On overflowing stacks

I recently set out to implement a few basic data structures in C for the hell of it (and to reassure myself that I can still code C), and ran into an interesting compiler wart…

I was trying to instantiate a static array of 10 million integers (who doesn’t?), in order to test insertions and deletions in my tree. However, as you can astutely deduce from the title of this post, this was too much for the stack of my poor program and ended up in a segfault – a textbook stack overflow.

I did not think of that at first though, and tried to isolate the offending piece of code by inserting a return 0; in the main() after a piece of code I knew to be working, and working my way down to pinpoint the issue.

Much to my dismay, this didn’t really work out. Why? Check the following code:

Do you think it works with that last line uncommented? You’d be wrong!

[15:20:35]florent@Air:~/Experiments/minefield$ gcc boom.c
[15:20:40]florent@Air:~/Experiments/minefield$ ./a.out
Segmentation fault

GCC (4.2.1) wants to instantiate the array even though it’s declared after the function returns!

Interestingly enough, when you tell GCC to optimise the code, it realises the array will never get reached and prunes it away.

[15:26:06]florent@Air:~/Experiments/minefield$ gcc -O2 boom.c
[15:26:16]florent@Air:~/Experiments/minefield$ ./a.out
Hello world!

Clang (1.7) exhibits exactly the same behaviour.

Lessons learnt? return is no way of debugging a program.

Optimising a video editor plugin

During the past few weeks, I have been writing a C++ plugin to grade C41 digital intermediates in Cinelerra, an open-source Linux video editor.
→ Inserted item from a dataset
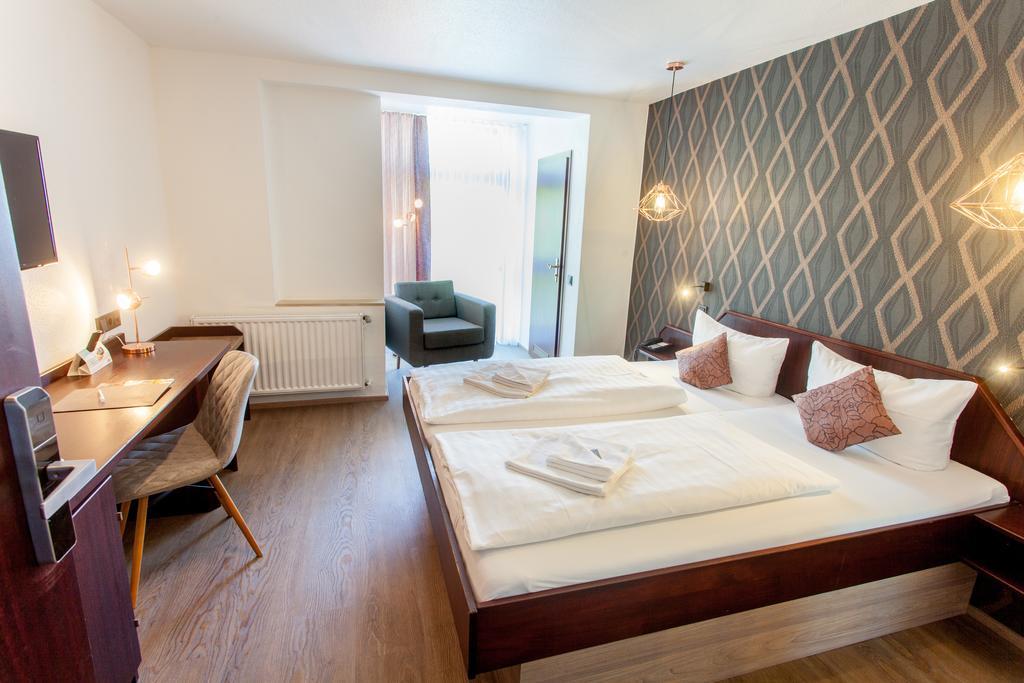 Hotel Stuempelstal Marburg Bagian luar foto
C41 is the most common chemical process for negatives, resulting in films that look like this — you probably know it if you’ve ever shot film cameras.

Of course, after scanning those negatives, you have to process (“grade”) them to turn them back to positive. And it’s not as simple as merely inverting the values of each channel for each pixel; C41 has a very pronounced orange shift that you have to take into account.

The algorithm

The core algorithm for this plugin was lifted from a script written by JaZ99wro for still photographs, based on ImageMagick, which does two things:
– Compute “magic” values for the image
– Apply a transformation to each channel (R, G, B) based on those magic values

The problem with film is that due to tiny changes between the images, the magic values were all over the place from one frame to the other. Merely applying JaZ’s script on a series of frames gave a sort of “flickering” effect, with colours varying from one frame to the other, which is unacceptable effect for video editing.
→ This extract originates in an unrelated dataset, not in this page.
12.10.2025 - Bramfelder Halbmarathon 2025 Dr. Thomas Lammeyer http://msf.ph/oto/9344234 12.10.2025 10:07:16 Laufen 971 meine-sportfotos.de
The plugin computes those magic values for each frame of the scene, but lets you pick and fix specific values for the duration of the scene. The values are therefore not “optimal” for each frame, but the end result is visually very good.

However, doing things this way is slow: less than 1 image/second for 1624*1234 frames.

Optimising: do less

The first idea was to make optional the computing of the magic values: after all, when you’re batch processing a scene with fixed magic values, you don’t need to compute them again for each frame.
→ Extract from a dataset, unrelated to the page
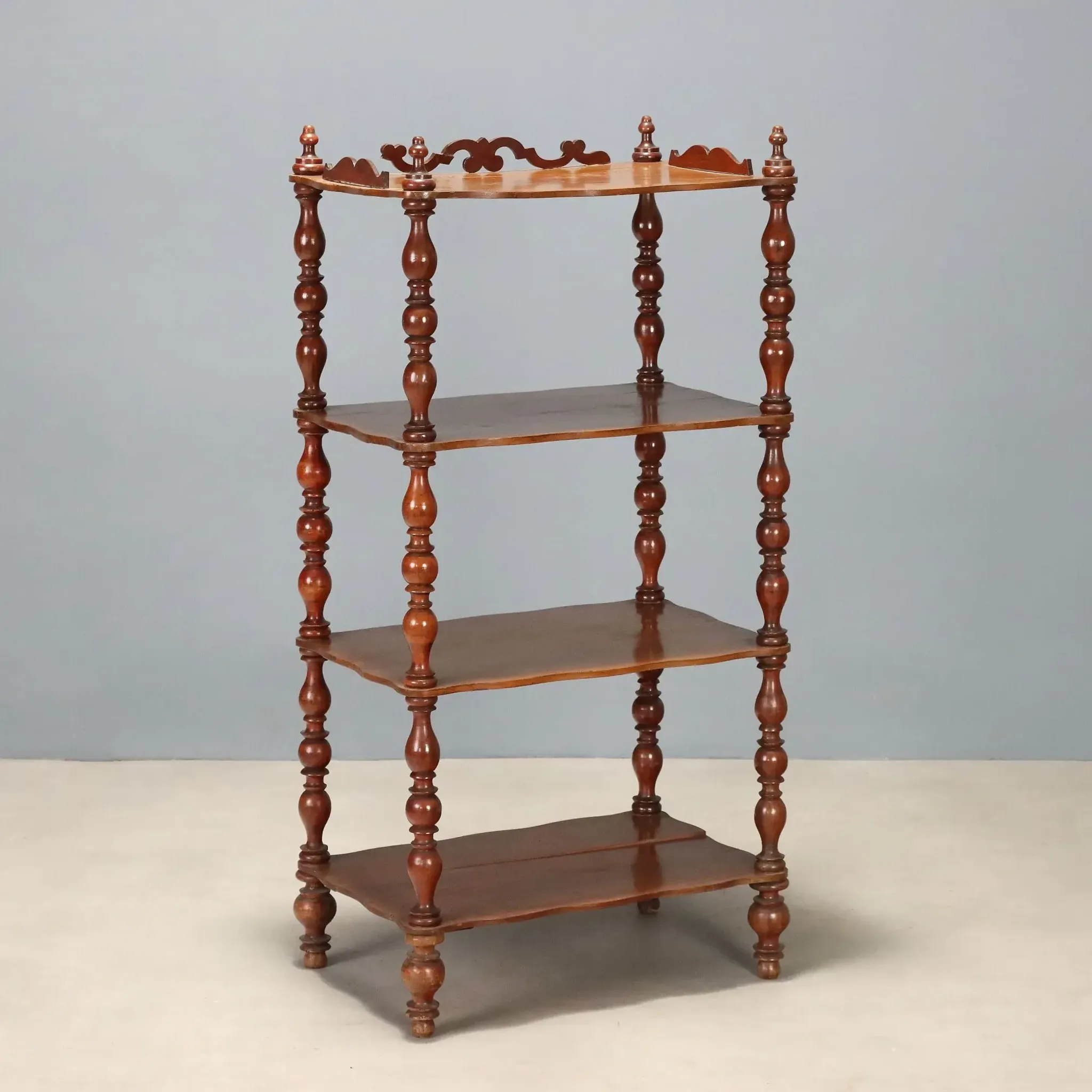 Antique walnut shelf with 4 shelves, Italy, 19th century.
It was a bit faster, but not by much. A tad more than an image/second maybe.

Optimising: measure

The next step —which should have been the first!— was to actually benchmark the plugin, and see where the time was spent. Using clock_gettime() for maximum precision, the results were:

~0.3 seconds to compute magic values (0.2s to apply a box blur to smooth out noise, and 0.1s to actually compute the values)

~0.9 seconds to apply the transformation

Optional computing of the magic values was indeed a step in the right direction, but the core of the algorithm was definitely the more computationally expensive. Here’s what’s to be computed for each pixel:

row[0] = (magic1 / row[0]) - magic4;
row[1] = pow((magic2 / row[1]),1/magic5) - magic4;
row[2] = pow((magic3 / row[2]),1/magic6) - magic4;

With row[0] being the red channel, row[1] the green channel, and row[2] the blue channel.

The most expensive call here is pow(), part of math.h. We don’t need to be extremely precise for each pixel value, so maybe we can trade some accuracy for raw speed?

Optimising: do better

Our faithful friend Google, tasked with searching for a fast float pow() implementation, gives back Ian Stephenson’s implementation, a short and clear (and more importantly, working) version of pow().

But we can’t just throw that in without analysing how it affects the resulting frame. The next thing to do was to add a button that would switch between the “exact” version and the approximation: the results were visually identical.

Just to be sure, I measured the difference between the two methods, and it shows an average 0.2% difference, going as high as 5% for the worst case, which are acceptable values.

And the good news is that the plugin now only takes 0.15 to 0.20 second to treat each image, i.e. between 5 and 6 images/second — an 8-fold gain since the first version. Mission accomplished!